De periode van ontvangst van het bezwaar tot de uitspraak heeft in totaal 9 jaar en 1 maand geduurd, waarvan 5 jaar en 11 maanden is toe te rekenen aan de aanhouding van de behandeling op verzoek van belanghebbende. Het Hof oordeelde dat deze periode niet aan de Inspecteur kan worden toegerekend, omdat belanghebbende hier om moverende redenen mee heeft ingestemd.
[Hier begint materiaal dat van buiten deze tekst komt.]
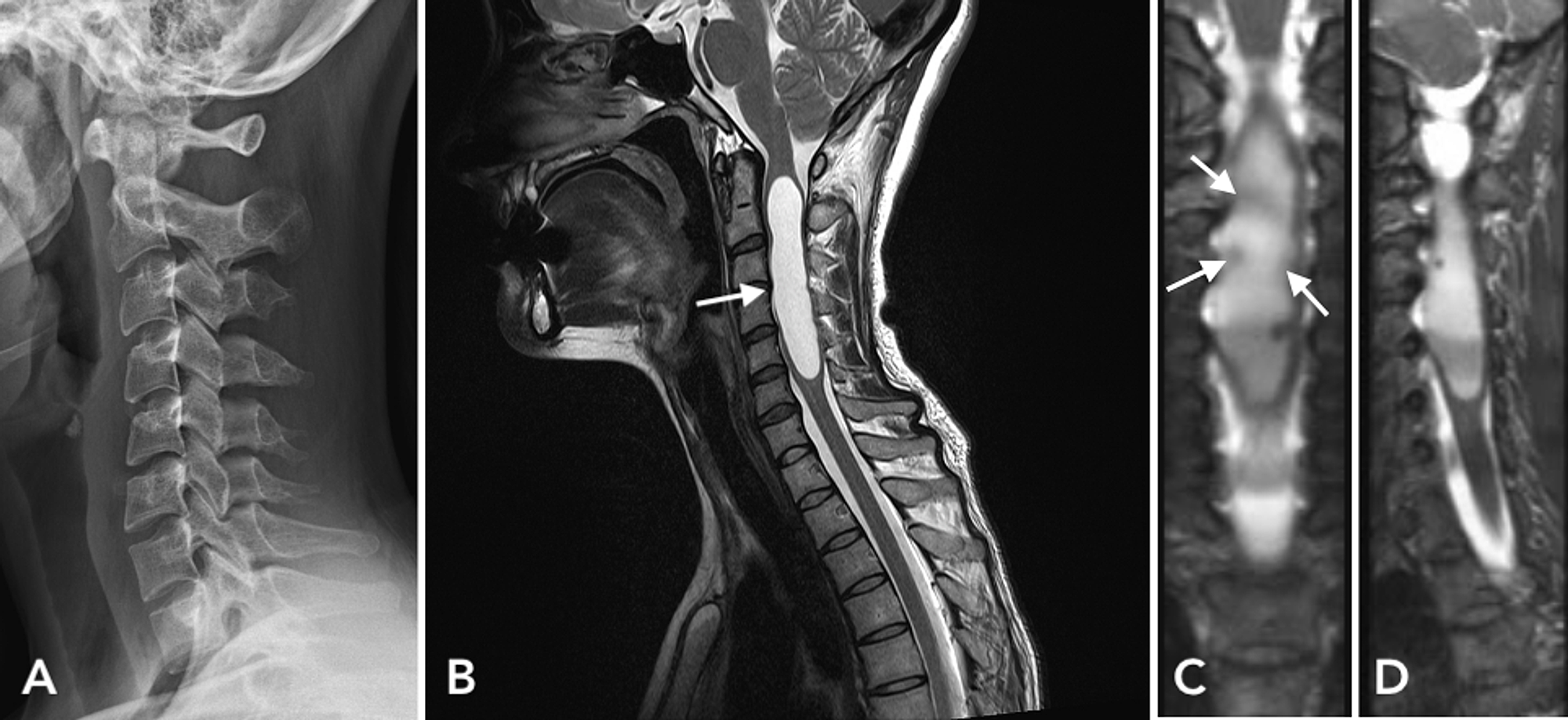 Cureus Multicentric Spinal Pilocytic Astrocytoma Presenting with Syringomyelia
Het Hof concludeerde dat de overschrijding van de redelijke termijn voor de bezwaarfase 1 jaar en 2 maanden bedraagt, wat resulteert in een schadevergoeding van € 1.500, in plaats van de door de Rechtbank vastgestelde € 3.500.
De uitspraak van de Rechtbank werd vernietigd voor zover deze betrekking had op de schadevergoeding, en de Inspecteur werd veroordeeld tot betaling van € 1.500 aan belanghebbende. De beslissing is openbaar gemaakt en partijen zijn geïnformeerd over de mogelijkheid om beroep in cassatie in te stellen bij de Hoge Raad.